━━━ STORED DATA

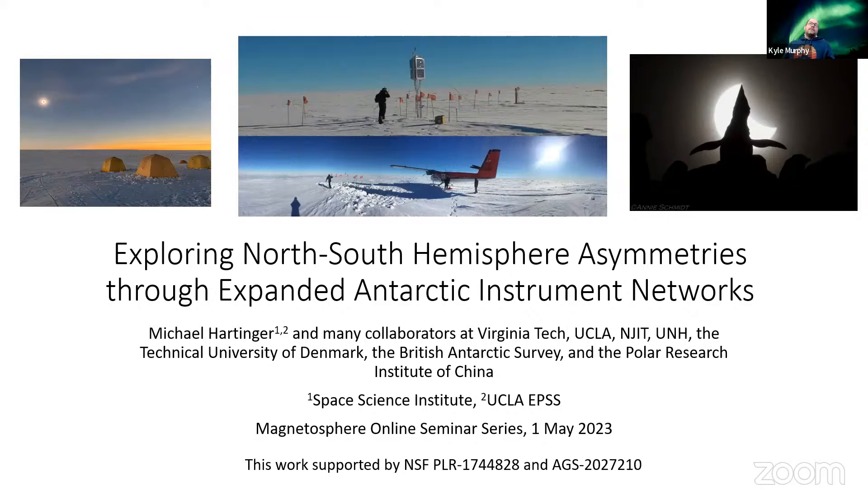Hello and welcome everyone to today's seminar. I'm happy to be introducing Dr. Michael Hardinger. Mike is a research scientist at the Space Science Institute and his studies include ultra low frequency waves and other phenomena related to solar wind magnetosphere and atmosphere coupling. Currently he is managing a network of magnetometers in Antarctica which he uses to study north-south hemispheric symmetries in the ionosphere.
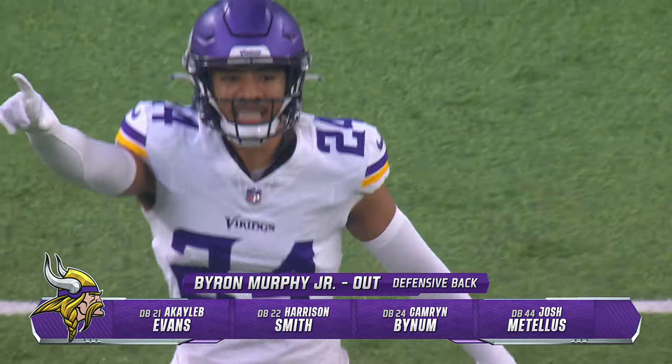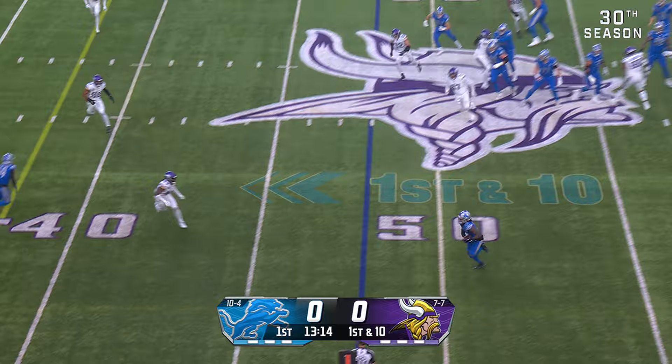He can blitz. More importantly, he is great at open field tackling. Goff swings it out. Jameer Gibbs makes the catch.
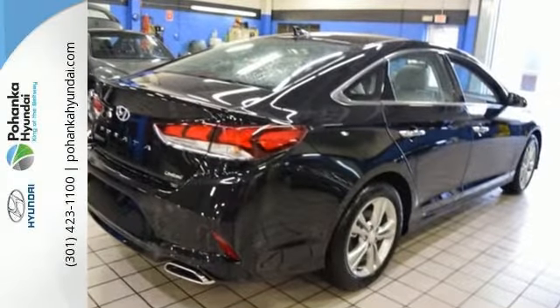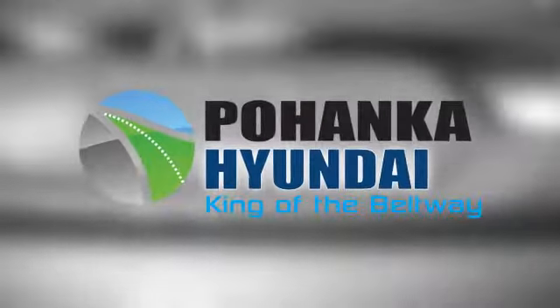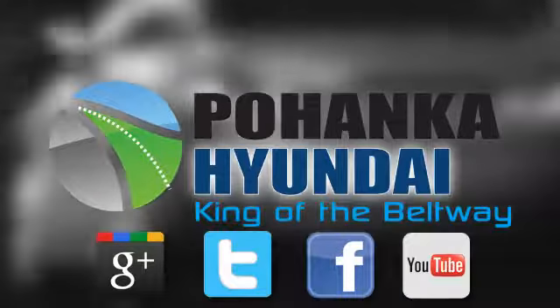The best of every world. Test drive this Sonata today. Visit Pohanka Hyundai, King of the Beltway, today.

━━━━━━

WHAT IS NEEDED:
All of the data should be returned word for word, with each picture left out.

RESULT:
Hello and welcome everyone to today's seminar. I'm happy to be introducing Dr. Michael Hardinger. Mike is a research scientist at the Space Science Institute and his studies include ultra low frequency waves and other phenomena related to solar wind magnetosphere and atmosphere coupling. Currently he is managing a network of magnetometers in Antarctica which he uses to study north-south hemispheric symmetries in the ionosphere.
He can blitz. More importantly, he is great at open field tackling. Goff swings it out. Jameer Gibbs makes the catch.
The best of every world. Test drive this Sonata today. Visit Pohanka Hyundai, King of the Beltway, today.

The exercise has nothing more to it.